> _Task item_:
Print the records below exactly, from the line containing "500 Pcs Roll" down to the line containing "Outline face recognition", both lines included, and omit every picture.

Input data below:

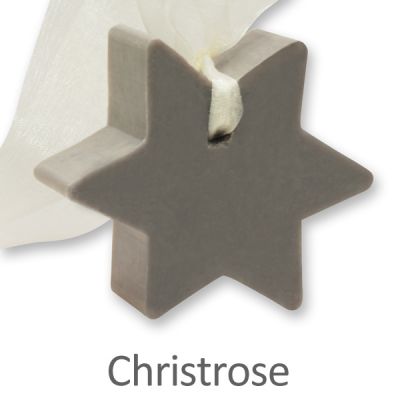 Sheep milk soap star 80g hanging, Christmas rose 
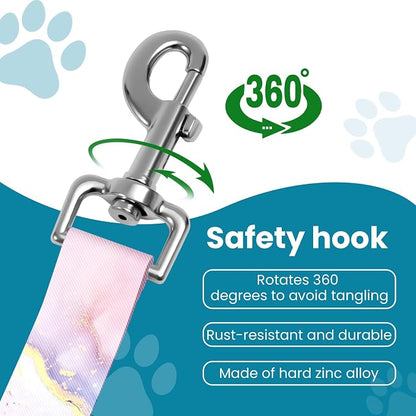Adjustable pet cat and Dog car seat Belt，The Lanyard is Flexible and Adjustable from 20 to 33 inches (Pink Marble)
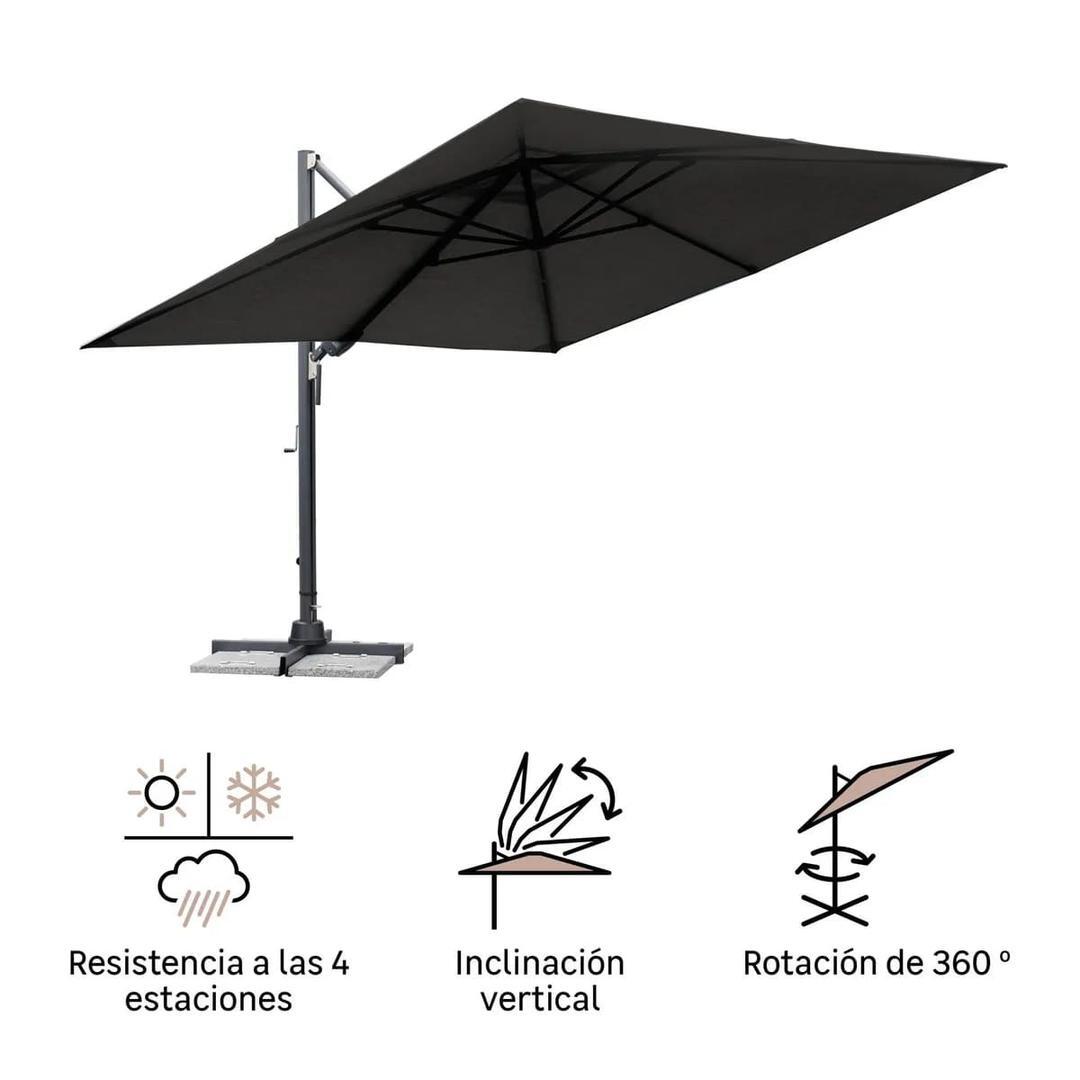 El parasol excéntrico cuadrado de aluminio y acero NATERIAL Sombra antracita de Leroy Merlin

End of Input data.
Input data below:

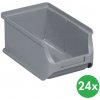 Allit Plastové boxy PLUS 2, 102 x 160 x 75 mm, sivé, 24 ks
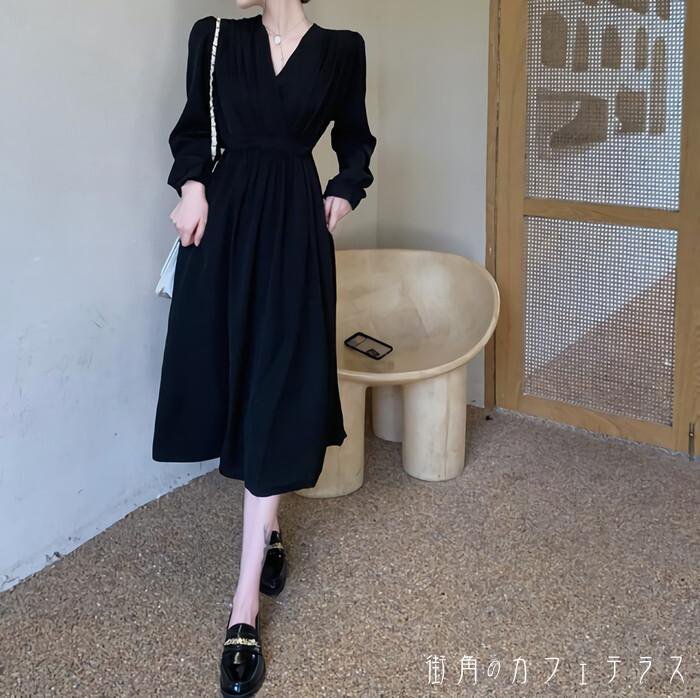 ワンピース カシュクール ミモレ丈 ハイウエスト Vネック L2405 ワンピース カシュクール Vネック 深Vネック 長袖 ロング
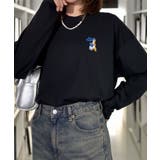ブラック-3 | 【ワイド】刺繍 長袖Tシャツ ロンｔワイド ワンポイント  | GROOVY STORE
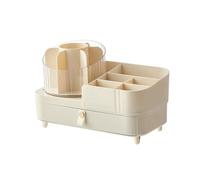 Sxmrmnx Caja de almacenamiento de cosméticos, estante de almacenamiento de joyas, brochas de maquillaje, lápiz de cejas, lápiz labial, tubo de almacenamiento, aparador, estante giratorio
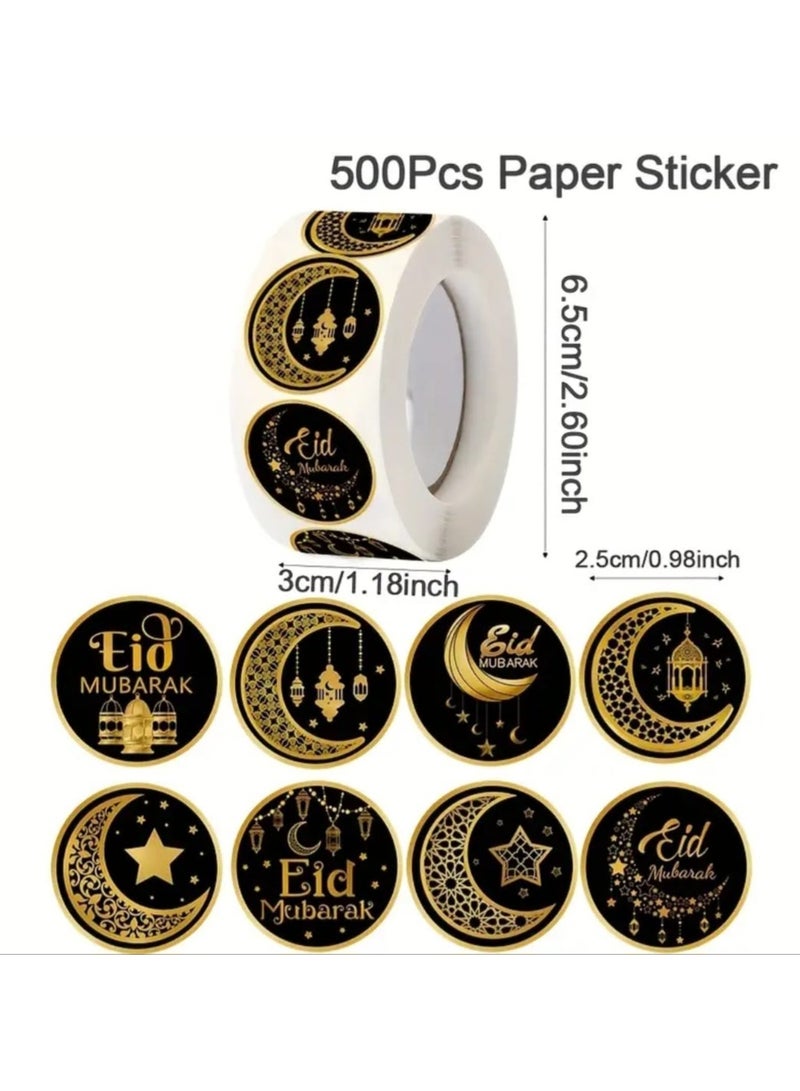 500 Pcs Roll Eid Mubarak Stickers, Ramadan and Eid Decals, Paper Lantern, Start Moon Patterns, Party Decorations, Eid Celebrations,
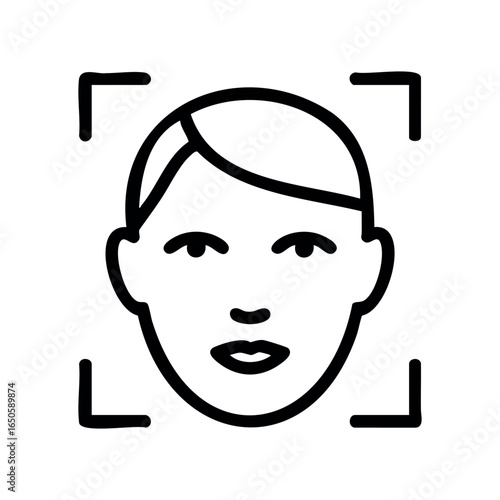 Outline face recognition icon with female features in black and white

End of Input data.

> _Solution to this task_:
 500 Pcs Roll Eid Mubarak Stickers, Ramadan and Eid Decals, Paper Lantern, Start Moon Patterns, Party Decorations, Eid Celebrations,
 Outline face recognition icon with female features in black and white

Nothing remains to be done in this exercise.